Outra ação realizada em prol da população refugiada e migrante em Manaus foi o seminário Saúde e a população migrante e refugiada em Manaus: avanços e desafios, organizado pelo UNICEF e a Agência da ONU para Refugiados (Acnur), em parceria com as Secretarias Estadual e Municipal de Saúde e a Sociedade Amazonense de Pediatria.
O objetivo do evento foi promover a discussão sobre os avanços e os desafios na atenção à saúde da população refugiada e migrante venezuelana, como também revisar, reconstruir e reordenar as ações inter e multissetoriais para acelerar a resposta no cuidado à saúde da população venezuelana abrigada e em situação de rua em Manaus.
Promoção dos direitos sexuais e
dos direitos reprodutivos de adolescentes
O UNICEF, juntamente com a Sociedade Amazonense de Pediatria, organizou o 1º Fórum Amazonense de Prevenção da Gravidez na Adolescência. O evento contou com a participação de médicos, enfermeiros, psicólogos, assistentes sociais e profissionais da educação. O objetivo foi sensibilizar, promover a troca de ideias e apontar propostas para trabalhar na prevenção e no acompanhamento das adolescentes.

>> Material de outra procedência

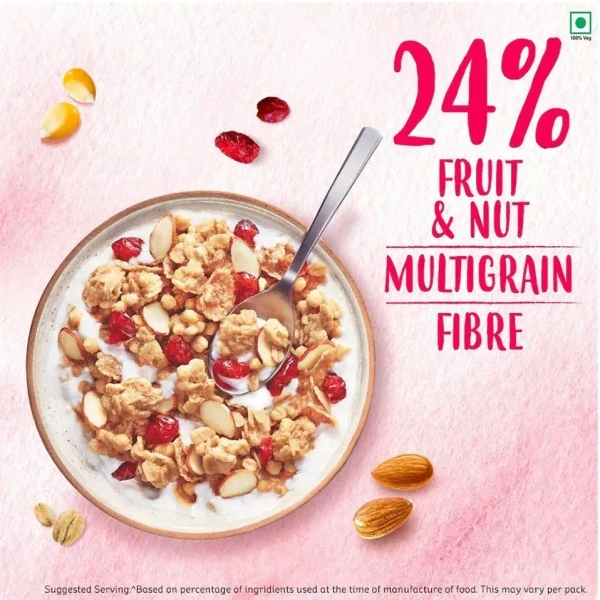 Kellogg's Crunchy Granola Almonds& Canberries, 460g - 460g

O Programa Viva Melhor Sabendo Jovem, da Plataforma dos Centros Urbanos, também foi estendido para a população de migrantes e refugiados de Manaus. De setembro de 2019 a abril de 2020, o Coletivo Difusão, em Manaus, levou o programa a adolescentes venezuelanos migrantes, principalmente do abrigo Alfredo Nascimento, com o objetivo de sensibilizá-los sobre questões relacionadas a autocuidado, direitos sexuais e direitos reprodutivos e doenças como HIV e outras ISTs (infecções sexualmente transmissíveis).

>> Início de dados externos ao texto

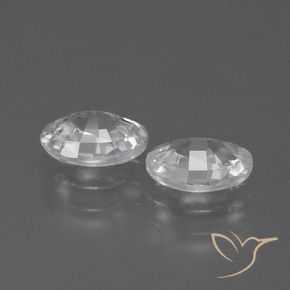 Shop natural 2.11ct Blanc Zircon gems, ovale, from Cambodge at GemSelect. In stock, global shipping!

Numa ação complementar ao Programa Viva Melhor Sabendo Jovem, o UNICEF levou a 40 profissionais das secretarias de Educação, de Saúde e de Assistência Social, e profissionais de ONGs parceiras e de agências da ONU o curso Promoção da Saúde Mental de Crianças e Adolescentes em Contextos Migratórios. A formação durou quatro semanas e contextualizou os primeiros socorros psicológicos para adolescentes migrantes venezuelanos em saúde mental em tempos de pandemia.
Ação humanitária ante a Covid-19
Em 2020, último ano da atual edição da Plataforma dos Centros Urbanos, a intensificação da transmissão da Covid-19 no estado do Amazonas, em especial na cidade de Manaus, impôs a necessidade de desenvolver ações articuladas voltadas para o apoio às famílias na prevenção da transmissão do vírus, bem como nas ações para mitigação das consequências da pandemia.
Em situações de crise, as crianças e os adolescentes, por suas especificidades e condições de desenvolvimento, são os mais afetados. Ampliam-se os desafios para o combate às diferentes formas de violência contra a criança – física, mental e sexual –, para a promoção da saúde, da educação escolar, da segurança alimentar e nutricional, para a garantia do direito ao convívio familiar e comunitário, e para a proteção do melhor interesse de crianças e adolescentes em todas as nossas ações.
Nesse cenário, o UNICEF trabalhou na identificação de famílias em situação de vulnerabilidade e na mobilização da sociedade civil, empresas e governos para doação e entrega de kits na região metropolitana de Manaus, com o objetivo de alcançar toda a diversidade da população manauara vulnerável. Nesse mapeamento, foi necessário um olhar atento para populações que não são beneficiadas por políticas públicas e por ações de cidadania.
Numa atuação em rede, o UNICEF alcançou, com informações confiáveis e itens críticos de higiene e limpeza, famílias moradoras de comunidades e periferias, população em situação de rua e em abrigos, população refugiada e migrante venezuelana, famílias indígenas, quilombolas, ribeirinhos e extrativistas, bem como adolescentes do sistema socioeducativo.
Foram entregues quase 812 mil itens, incluindo máscaras, kits de higiene, kits de saúde bucal, sabonetes, termômetros, álcool em gel, rádios, tablets, oxímetros e cestas de alimentos.